-- Work order --
Give the number of lines below that contain the string "family", and no other text.

-- Records from a collection --
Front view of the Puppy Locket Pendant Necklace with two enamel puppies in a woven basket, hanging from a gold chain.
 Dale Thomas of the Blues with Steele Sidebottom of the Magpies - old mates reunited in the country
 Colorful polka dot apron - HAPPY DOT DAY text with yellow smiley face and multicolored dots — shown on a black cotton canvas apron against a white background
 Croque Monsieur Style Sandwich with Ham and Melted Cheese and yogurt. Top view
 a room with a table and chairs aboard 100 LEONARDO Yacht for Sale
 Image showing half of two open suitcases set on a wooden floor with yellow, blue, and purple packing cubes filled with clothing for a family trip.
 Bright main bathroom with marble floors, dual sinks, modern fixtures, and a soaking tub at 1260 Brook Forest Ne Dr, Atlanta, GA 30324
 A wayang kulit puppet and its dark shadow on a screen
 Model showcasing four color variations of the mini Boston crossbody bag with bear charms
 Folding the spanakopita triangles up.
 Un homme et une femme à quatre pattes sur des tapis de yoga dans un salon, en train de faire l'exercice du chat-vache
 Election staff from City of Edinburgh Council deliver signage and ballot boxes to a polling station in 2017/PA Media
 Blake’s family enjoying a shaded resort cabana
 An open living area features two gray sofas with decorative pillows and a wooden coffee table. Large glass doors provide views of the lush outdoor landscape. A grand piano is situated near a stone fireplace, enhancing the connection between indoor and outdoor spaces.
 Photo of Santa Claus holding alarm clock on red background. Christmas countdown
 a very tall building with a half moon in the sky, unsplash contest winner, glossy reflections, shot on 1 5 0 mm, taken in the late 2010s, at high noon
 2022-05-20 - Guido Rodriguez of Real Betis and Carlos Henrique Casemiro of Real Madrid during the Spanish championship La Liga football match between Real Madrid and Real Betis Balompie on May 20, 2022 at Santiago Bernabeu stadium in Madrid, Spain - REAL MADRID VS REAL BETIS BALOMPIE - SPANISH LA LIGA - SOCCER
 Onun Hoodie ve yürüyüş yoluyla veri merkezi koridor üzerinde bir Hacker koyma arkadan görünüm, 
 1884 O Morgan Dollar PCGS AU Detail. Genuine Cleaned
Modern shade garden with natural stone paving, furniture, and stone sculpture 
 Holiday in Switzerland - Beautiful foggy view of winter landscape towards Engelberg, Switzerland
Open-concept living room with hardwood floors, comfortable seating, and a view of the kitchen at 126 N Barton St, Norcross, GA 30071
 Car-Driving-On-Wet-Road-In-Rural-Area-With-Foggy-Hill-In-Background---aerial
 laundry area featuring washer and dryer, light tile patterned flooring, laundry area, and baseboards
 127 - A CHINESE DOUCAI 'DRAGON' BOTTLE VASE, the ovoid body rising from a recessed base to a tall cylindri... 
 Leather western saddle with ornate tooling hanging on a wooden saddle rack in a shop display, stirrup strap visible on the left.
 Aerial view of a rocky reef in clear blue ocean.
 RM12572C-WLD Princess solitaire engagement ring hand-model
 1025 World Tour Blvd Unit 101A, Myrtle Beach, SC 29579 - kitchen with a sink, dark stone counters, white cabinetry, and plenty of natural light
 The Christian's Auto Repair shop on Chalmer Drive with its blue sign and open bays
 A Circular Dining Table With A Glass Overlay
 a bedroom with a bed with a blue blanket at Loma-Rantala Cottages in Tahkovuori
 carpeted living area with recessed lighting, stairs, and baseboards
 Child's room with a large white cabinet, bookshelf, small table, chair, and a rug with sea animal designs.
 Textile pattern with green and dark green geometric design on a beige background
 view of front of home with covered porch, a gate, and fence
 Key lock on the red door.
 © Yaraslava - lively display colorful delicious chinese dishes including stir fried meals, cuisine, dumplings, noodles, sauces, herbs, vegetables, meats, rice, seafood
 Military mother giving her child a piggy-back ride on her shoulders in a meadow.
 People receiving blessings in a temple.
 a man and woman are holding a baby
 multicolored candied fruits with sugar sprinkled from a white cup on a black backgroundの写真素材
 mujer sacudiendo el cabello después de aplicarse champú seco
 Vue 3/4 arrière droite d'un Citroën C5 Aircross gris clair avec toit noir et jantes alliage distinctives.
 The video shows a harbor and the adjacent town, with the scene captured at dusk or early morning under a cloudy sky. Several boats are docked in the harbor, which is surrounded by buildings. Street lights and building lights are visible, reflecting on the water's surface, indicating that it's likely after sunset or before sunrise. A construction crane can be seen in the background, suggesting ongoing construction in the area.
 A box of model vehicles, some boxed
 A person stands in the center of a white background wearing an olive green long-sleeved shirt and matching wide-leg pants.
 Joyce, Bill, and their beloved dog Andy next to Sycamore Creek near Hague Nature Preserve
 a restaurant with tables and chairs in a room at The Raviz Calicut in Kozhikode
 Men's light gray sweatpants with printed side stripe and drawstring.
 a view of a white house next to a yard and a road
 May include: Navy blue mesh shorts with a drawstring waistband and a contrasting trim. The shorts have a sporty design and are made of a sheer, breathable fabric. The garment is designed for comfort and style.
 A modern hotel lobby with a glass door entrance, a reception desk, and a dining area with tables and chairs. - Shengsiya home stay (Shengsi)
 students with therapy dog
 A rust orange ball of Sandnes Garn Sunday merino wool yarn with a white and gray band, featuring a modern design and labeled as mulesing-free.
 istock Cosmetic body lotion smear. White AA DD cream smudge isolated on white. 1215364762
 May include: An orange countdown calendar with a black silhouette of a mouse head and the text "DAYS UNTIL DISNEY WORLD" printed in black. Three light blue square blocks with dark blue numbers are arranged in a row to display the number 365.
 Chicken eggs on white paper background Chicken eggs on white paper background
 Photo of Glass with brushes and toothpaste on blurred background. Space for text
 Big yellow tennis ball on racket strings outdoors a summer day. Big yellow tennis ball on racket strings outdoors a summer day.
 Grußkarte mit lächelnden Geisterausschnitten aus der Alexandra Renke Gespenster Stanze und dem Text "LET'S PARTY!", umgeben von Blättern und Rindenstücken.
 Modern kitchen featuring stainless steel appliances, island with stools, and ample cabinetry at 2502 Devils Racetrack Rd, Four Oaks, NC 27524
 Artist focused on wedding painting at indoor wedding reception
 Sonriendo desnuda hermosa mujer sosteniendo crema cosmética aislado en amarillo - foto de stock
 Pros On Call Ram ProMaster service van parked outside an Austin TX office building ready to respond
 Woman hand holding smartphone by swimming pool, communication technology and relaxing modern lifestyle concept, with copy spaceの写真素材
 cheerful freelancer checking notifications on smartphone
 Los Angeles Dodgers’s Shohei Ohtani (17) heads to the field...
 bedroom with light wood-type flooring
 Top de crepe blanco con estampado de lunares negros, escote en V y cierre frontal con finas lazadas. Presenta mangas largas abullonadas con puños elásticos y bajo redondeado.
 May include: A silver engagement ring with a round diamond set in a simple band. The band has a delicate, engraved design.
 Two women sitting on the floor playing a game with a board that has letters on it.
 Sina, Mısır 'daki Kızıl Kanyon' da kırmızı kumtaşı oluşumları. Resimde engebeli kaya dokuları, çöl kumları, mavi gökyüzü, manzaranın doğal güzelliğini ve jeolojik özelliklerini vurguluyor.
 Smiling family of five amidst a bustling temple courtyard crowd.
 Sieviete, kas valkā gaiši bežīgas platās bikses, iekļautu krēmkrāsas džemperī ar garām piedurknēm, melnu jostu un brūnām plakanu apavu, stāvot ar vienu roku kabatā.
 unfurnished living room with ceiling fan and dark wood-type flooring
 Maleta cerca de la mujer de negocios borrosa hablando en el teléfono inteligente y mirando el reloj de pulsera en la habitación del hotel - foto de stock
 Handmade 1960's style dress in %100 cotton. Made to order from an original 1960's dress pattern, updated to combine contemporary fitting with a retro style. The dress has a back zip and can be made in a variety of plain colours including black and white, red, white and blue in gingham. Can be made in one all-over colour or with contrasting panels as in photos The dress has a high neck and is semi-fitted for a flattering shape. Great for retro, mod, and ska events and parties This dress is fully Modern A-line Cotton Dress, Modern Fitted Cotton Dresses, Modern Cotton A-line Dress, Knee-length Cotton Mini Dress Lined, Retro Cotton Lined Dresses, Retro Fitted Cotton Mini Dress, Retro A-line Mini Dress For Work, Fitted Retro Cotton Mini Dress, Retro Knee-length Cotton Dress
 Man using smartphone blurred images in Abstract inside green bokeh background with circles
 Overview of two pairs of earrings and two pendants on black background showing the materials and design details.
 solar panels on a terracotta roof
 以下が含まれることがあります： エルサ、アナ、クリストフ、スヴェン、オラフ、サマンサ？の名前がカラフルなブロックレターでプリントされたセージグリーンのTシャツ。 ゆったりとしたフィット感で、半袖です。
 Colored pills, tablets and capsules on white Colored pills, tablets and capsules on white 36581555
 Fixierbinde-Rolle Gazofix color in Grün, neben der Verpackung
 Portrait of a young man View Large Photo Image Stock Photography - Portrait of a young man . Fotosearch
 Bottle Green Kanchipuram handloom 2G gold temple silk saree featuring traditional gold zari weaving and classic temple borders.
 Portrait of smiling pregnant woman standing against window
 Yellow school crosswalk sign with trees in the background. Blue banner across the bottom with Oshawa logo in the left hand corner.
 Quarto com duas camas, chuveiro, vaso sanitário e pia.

-- Your response --
3